The first stop, after walking around the little information centre, was in a small briefing room set up for visitors to watch a short movie about the history of the park and the elephants. After the movie, Ndyebo ushered us outdoors to begin our morning’s adventure. His high energy and enthusiasm was contagious, he really got me excited for our close encounter.
Next, we visited the enclosure where the elephants sleep at night. No, we did not get to wake up any slumbering beasts, but I at least got to admire their sleeping quarters. Large steel bars that I could easily fit in between, enclosed the giant shed-like area. I imagined the bars to be enormous bed posts and I found myself wondering what colour blankets adorned the beds and what do elephants dream about exactly? This was not the case though and I learned that the resting place was simply a bed of dust, much like a horse stables, that was cleaned regularly. Interestingly, Ndyebo explained that sometimes the elephants may sleep standing up. This did not seem too strange to me as I imagined that shifting such a large bulk in the morning to an upright position must prove challenging, especially after a day of indulging in marula fruit known to make elephants tipsy. All right, all right, I know this is a popular myth, but my imagination was running wild at this point. Tamlyn described the boudoir as having the best view in the park looking out over the rolling fields and watering hole. I could feel a cool breeze, still carrying the early morning chill, gently caressing my cheeks as we stood in the enclosure.
It was then time to move on to the encounter that we were eager to make.
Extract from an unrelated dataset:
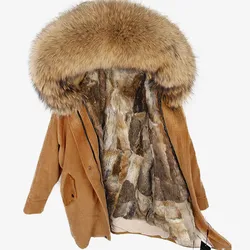 MAOMAOKONG-Parkas con Cuello de piel de mapache Real Natural para mujer, abrigo de piel, Chaqueta larga de pana cálida, ropa femenina, invierno, 2022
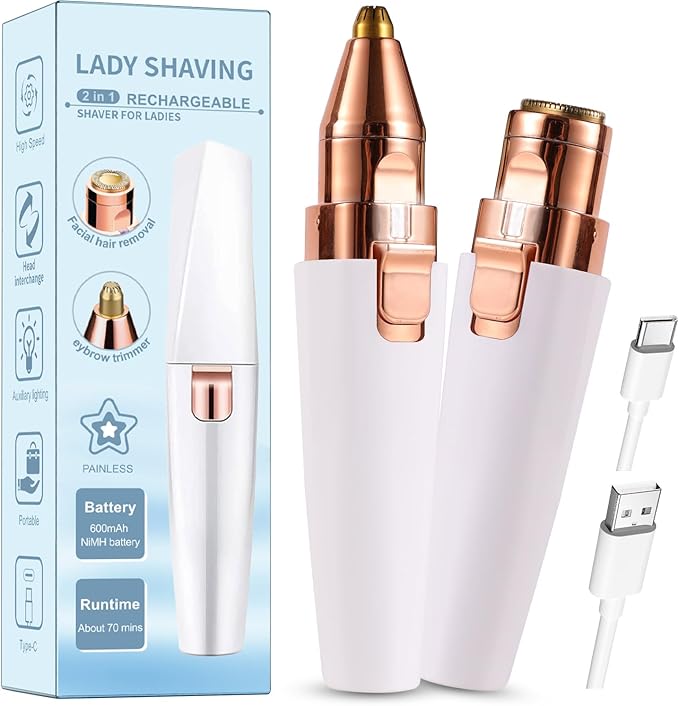 Facial Hair Removal for Women,2 in 1 Electric Hair Removal Device for Chin Upper Lip Peach Fuzz & Rechargeable Eyebrow Trimmer with LED Light for Precise Shaping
Ndyebo led us to a parked tractor that pulled along two large trailers each fitted with rows of padded seats. This would be our transport for the short trip across the field and down to where the herd were grazing.
The tractor rattled to life and I felt the vibrations and bounce of the dirt jeep track as we drove through the veld for about five minutes before coming to a stand-still right next to the resident elephants. Our friendly guide explained that I should step cautiously off the side of the trailer and move with him to a point away from the tractor.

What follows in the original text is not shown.